[jira] Updated: (DERBY-3288) wrong query result in presence of a unique index

A B (JIRA) Mon, 28 Jan 2008 14:41:59 -0800

     [ 
https://issues.apache.org/jira/browse/DERBY-3288?page=com.atlassian.jira.plugin.system.issuetabpanels:all-tabpanel
 ]


A B updated DERBY-3288:
-----------------------

    Attachment: d3288_v2.patch

Attaching d3288_v2.patch, which is a first attempt a complete solution for this 
issue.  The patch does the following:

  1. Move all of the existing "pull optimizable" processing out
     of the getNextPermutation() method and into its own method,
     pullOptimizableFromJoinOrder(), for the sake of clarity.

  2. Add a call to pullOptimizableFromJoinOrder() that updates
     assignedTableMap to correctly reflect the pulling of the
     optimizable in question.
     
  3. Make the getNextPermutation() metod call the new method
     (pullOptimizableFromJoinOrder()) **BEFORE** trying to
     determine what the next legal optimizable for the join
     order can be.

Changes 1 thru 3 above fix the query as reported in this Jira.

But with those changes, store/SpaceTable.sql was failing with an ASSERT failure 
just as it did for d3288_incomplete_v1.patch.  I looked into this and 
eventually tracked it down to the fact that the FromVTI class misuses the 
"referencedTableMap" field that it inherits from ResultSetNode.java.  More 
specifically, that field is intended to hold table numbers for all FromTables 
which appear at or _beneath_ a given FromTable in the query tree.  But for 
FromVTI, the referencedTableMap was holding table numbers for all FromTables 
which were referenced by the _arguments_ to the FromVTI.  As an example, take 
the following query (which is pulled from store/SpaceTable.sql):

  select conglomeratename, isindex,
    numallocatedpages, numfreepages, pagesize, estimspacesaving
  from SYS.SYSSCHEMAS s, SYS.SYSTABLES t,
     new org.apache.derby.diag.SpaceTable(SCHEMANAME,TABLENAME) v
  where s.SCHEMAID = t.SCHEMAID
  and s.SCHEMANAME = 'APP'
  order by conglomeratename;

In this query SpaceTable will be parsed as a FromVTI and will get its own table 
number; SYSSCHEMAS and SYSTABLES will each get its own table number, as well.

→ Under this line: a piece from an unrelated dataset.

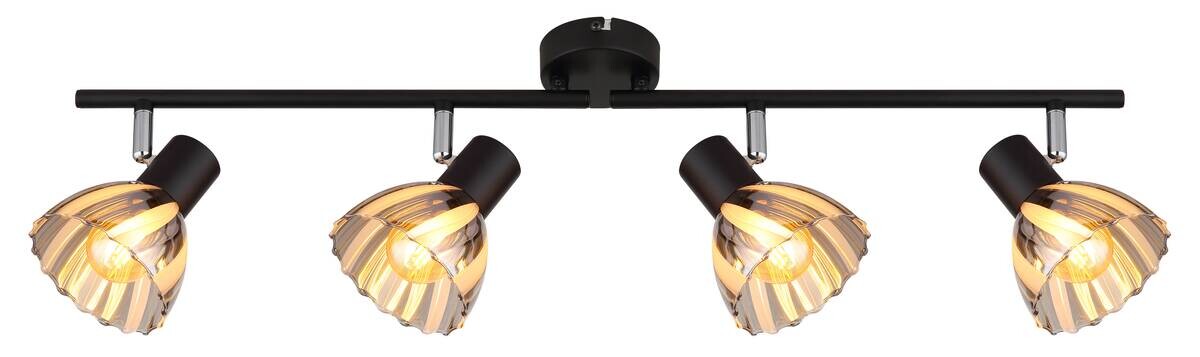 GLOBO Strahler mattschwarz Satiniert Rauch Metall Glas B/H/T: ca. 70x19x35 cm E14 4 Brennstellen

That said, the referencedTableMap for the FromVTI should only contain the table 
number of the FromVTI itself--because there are no other FromTables beneath the 
FromVTI in the query tree (esp. FromVTI doesn't have any children nodes that 
are instances of FromTable).  But with the current codeline, the arguments for 
SpaceTable will be processed and their table numbers will be added to FromVTI's 
referencedTableMap, so that FromVTI's referenced table map will contain:

  { SYSSCHEMAS, SYSTABLES, SpaceTable }

instead of

  { SpaceTable }

This confuses the optimizer's dependency checking, which assumes that a 
FromTable's referenced map only contains table numbers for itself and any 
FromTable children. The result of this confusion is a join order that puts 
SpaceTable _before_ SYSSCHEMAS and SYSTABLES, which means that attempts to 
generate the FromVTI wll fail because the tables that it references have not 
yet been generated.

Note that FromVTI _does_ have a dependency on SYSSCHEMAS and SYSTABLES as a 
result of its arguments--that part is correct.  And the current code _does_ try 
to enforce that dependency.  But the misuse of referencedTableMap causes the 
current code to do the wrong thing.  This is because the assignedTableMap used 
by the Optimizer sets/unsets bits based on the referenced table map.  So we end 
up in a situation like this:

  Join order:       { SYSTABLES, SYSSCHEMAS, SpaceTable }
  assignedTableMap: { SYSTABLES, SYSSCHEMAS, SpaceTable }

  -- Pull SpaceTable from the join order.  We do an XOR between
     assignedTableMap and SpaceTable's referenced table map. Since
         SpaceTable's referenced table (incorrectly) includes bits
         for SYSSCHEMAS and SYSTABLES, the XOR yields:

       Join order:       { SYSTABLES, SYSSCHEMAS, -- }
       assignedTableMap: { }  // this is WRONG!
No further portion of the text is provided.